Most likely known to you through his involvement with his Protégée Jamie Oliver, as well as for his 16 second omelette on hungover foodie favourite Saturday Kitchen, he is a talented chef in his own right, who has been working in restaurants since the age of eight. He proved a lively host to my cheese education.
For those of you who haven’t heard of Grana Padanao, here is the low down. Relatively unknown in England, it is one of the most popular cheeses in Italy. Indeed, among cheeses with a P.D.O, it is the biggest seller in the world. Similar to Parmesan in production method, but lighter and as Gennaro told us, lower in fat. The name comes from the distinctive grainy texture and it has been made in Italy for over a thousand years. It is generally sold at around 9, 14, and 24 months old and I got to taste the latter two as part of some classic raw Italian dishes.
A beef carpaccio topped with Grana Padano and shaved white truffles was an enjoyable start to proceedings. The cheese itself was excellent providing great contrast to the beef. The 14 year old son of one of my fellow hacks, forced along due to half term issues, pronounced the cheese “lovely”, and was a instant convert to the over ripe sock smell of truffles.
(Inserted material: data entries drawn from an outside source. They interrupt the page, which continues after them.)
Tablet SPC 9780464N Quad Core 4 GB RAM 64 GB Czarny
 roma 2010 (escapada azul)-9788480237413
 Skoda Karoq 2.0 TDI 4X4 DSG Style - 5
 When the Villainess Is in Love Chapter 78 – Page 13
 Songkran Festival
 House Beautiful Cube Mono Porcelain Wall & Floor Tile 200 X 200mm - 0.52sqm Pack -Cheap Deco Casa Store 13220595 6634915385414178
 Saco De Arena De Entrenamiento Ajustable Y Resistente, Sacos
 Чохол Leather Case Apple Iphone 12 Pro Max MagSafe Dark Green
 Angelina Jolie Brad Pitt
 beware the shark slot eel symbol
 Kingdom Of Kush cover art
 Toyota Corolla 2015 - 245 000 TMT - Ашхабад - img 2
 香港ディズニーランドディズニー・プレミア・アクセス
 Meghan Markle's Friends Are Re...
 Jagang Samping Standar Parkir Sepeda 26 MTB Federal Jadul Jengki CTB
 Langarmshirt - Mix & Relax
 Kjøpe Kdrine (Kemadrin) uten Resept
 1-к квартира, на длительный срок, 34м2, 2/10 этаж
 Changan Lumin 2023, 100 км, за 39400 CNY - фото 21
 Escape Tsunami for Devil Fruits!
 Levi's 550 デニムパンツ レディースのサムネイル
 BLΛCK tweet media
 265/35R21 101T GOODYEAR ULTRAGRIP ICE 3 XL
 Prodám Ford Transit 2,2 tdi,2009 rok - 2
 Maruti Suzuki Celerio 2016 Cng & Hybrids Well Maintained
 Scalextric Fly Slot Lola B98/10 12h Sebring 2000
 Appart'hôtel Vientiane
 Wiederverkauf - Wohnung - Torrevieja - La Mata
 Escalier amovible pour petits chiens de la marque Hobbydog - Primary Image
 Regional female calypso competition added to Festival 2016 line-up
The raw artichoke salad and fresh basil pesto that followed also provided great ways to use the cheese. A tip from Gennaro was that you should pound the basil in a pestle and mortar rather than blending it, as by blending it you lose some of the freshness of the basil
Being generally younger, Grana Padano provides a similar taste to Parmesan at a generally reduced price. It is definitely something worth looking into, being an excellent cheese in its own right.